Easier said than done

People wonder if Trump would step down if impeached or defeated next year at the ballot box. I can’t say definitively that he would ignore the democratic will and institutional constraints, but I will say that it is far easier said than done. And in any calculus of such a brazen action Trump would have to consider the consequences of failure. Needless to say, they would be exceedingly high.

BFD

What bothers me these days isn’t so much pundits who tell us, usually with a sense of gravitas and supposed superior knowledge, that removing Trump via impeachment or the ballot box isn’t enough to turn the country around. I expect as much from them.

But what I find irritating is this. In their attempt to save us from our parochial vision, they miss the fact that removing Trump from office in itself is a BFD!!! The very act would set into motion a new political dynamic.

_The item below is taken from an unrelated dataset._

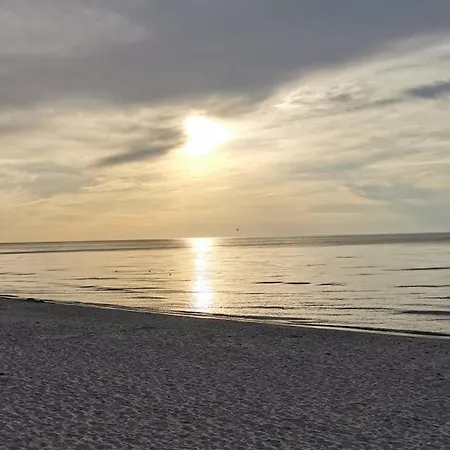 Wrzosowy Perlowy Sea&forest * ポゴジェリツァ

The ring leader of the unprecedented assault on democratic governance, institutions, and rights would no longer occupy the White House. The sweeping powers and the bully pulpit that come with the office would be in someone else’s hands. His underlings would be retreat and disarray as well, pointing fingers at one another. Finally, Trump’s base, angry, even dangerous as they might be, would have to digest the bitter (and depressing) reality that their Great Leader has been taken down.

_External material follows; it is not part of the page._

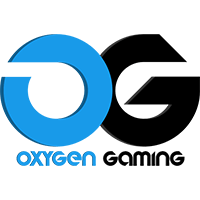 Oxygen Gaming logosu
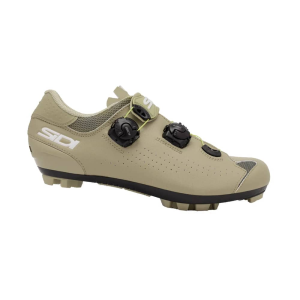 Sidi | Mtb Eagle 10 Shoes Men's | Size 43 In Sand | Nylon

Meanwhile, political initiative and moral authority would, through the force of events, shift to the Democratic Party as well as the broad democratic movement and the millions who resisted Trump and Trumpism. The confidence that comes from winning would become a material force. And resistance would now mingle with new expectations and horizons of democratic and progressive change.

Will it be smooth sailing? Of course not. Trump would likely be reluctant to leave the stage of politics. And defeated reactionaries and racists, history tells us, attempt, if allowed, to regroup and regain the initiative.

Not least, the new landscape of politics would bring to the surface tensions within the broad democratic coalition and the Democratic Party that were simmering while Trump was in the White House.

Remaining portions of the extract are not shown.